The answer to all of these questions comes down to a single word: innovation.
Many people—including a lot of senior executives I’ve talked to—think innovation is primarily a research and development function. But innovation should be understood to include the entire value chain: from R&D to engineering, manufacturing, distribution, sales, marketing, and even facility utilization and investment strategy. Only a few innovations will be blockbusters. Some will result in incremental changes, but that doesn’t make them any less important.
Three of my colleagues at Boston Consulting Group—Andrew Taylor, Kim Wagner, and Hadi Zablit—recently released our annual report on the world’s most innovative companies. As you might expect, the list—compiled from the recommendations of more than 1,500 senior executives worldwide in a broad range of industries—includes a number of perennial leaders, marquee brands such as Apple, Google, Samsung Electronics, and IBM.
What they found in their survey wasn’t surprising: Most respondents—76 percent, in fact—ranked innovation as a “top-three” strategic priority for their company. What was surprising was that 85 percent of the CEOs surveyed ranked it in the top three, with 40 percent ranking it No 1.
The reason for this is understandable: Innovation pays. The 50 companies on our latest list beat their industry peers in total shareholder returns by 6.3 percent during the most recent three-year period. Over a 10-year period, the figure was 3.5 percent, reflecting the challenge of sustaining long-term momentum in innovation.

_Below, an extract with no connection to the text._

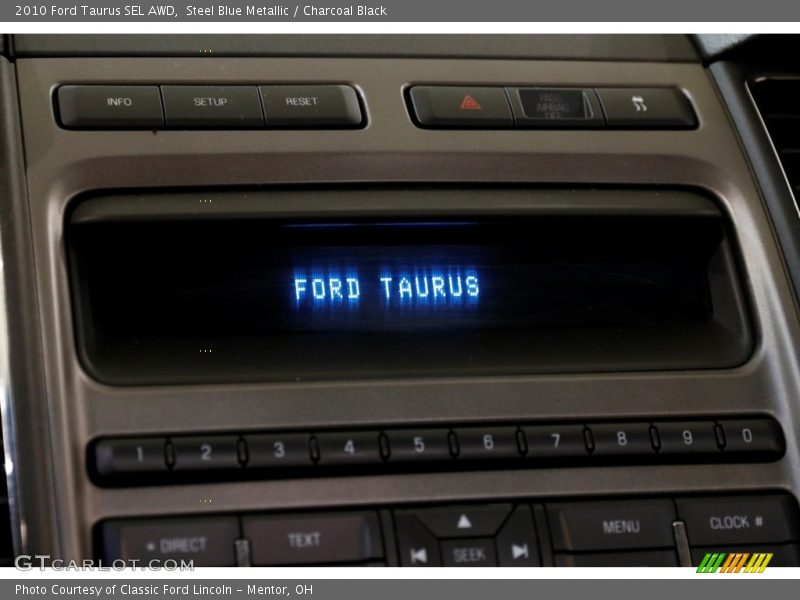 Steel Blue Metallic / Charcoal Black 2010 Ford Taurus SEL AWD
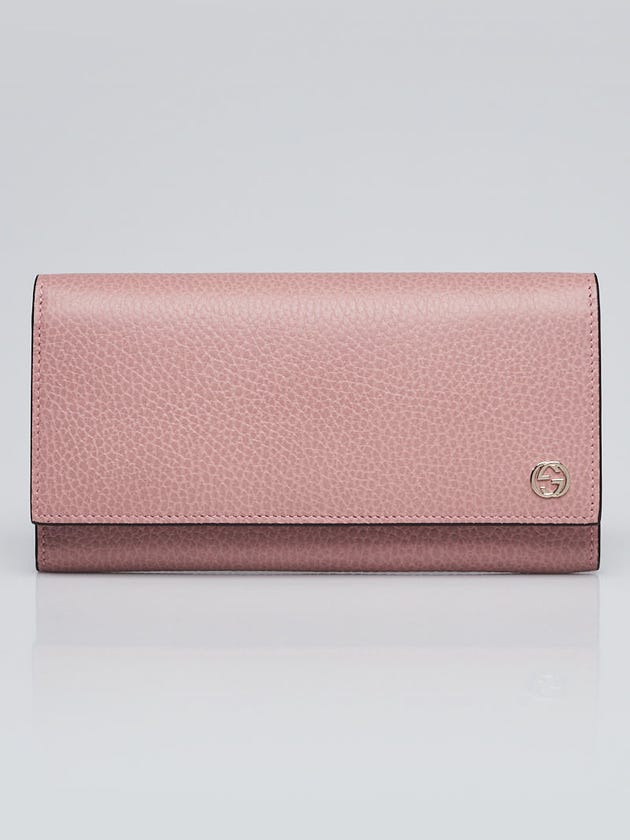 Gucci Pink Leather Interlocking G Long Wallet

Whatever form innovation takes, the goal, of course, is to create value from ideas. A lot can be learned by studying the top innovators, and my colleagues identified a number of best practices:
1. Top innovators get their customers involved in the process early—even at the “idea-generation” stage. Customer feedback throughout the process not only can help top management decide when to move ahead more aggressively, it also may help them decide when to cut their losses, so unsuccessful projects “fail fast and fail cheap.”
2. Top innovators effectively use data to drive tough decisions. This is especially true when trade-off decisions are involved. Too many companies make decisions based on the “gut feeling” of executives. Top innovators have systems in place that enable them to better evaluate how new projects align with the company’s business priorities and strategies. This, in turn, helps leaders decide which projects should be discontinued and which should receive additional funding.
3. Top innovators think strategically about trade-offs. They don’t make decisions based on last year’s budget. They make decisions based on the size of the opportunity that lies ahead.
4. Top innovators realize and capitalize on the fact that innovation is a function of intellectual property.
5. Top innovators are those best able to put ideas into motion.
One of the best books on the importance of ideas was written nearly three decades ago by the late financial journalist Warren T. Brookes. It was called, simply, The Economy in Mind. Brookes’s thesis was that long-term economic progress depends on brainpower, rather than muscle power. BCG’s research proves the point.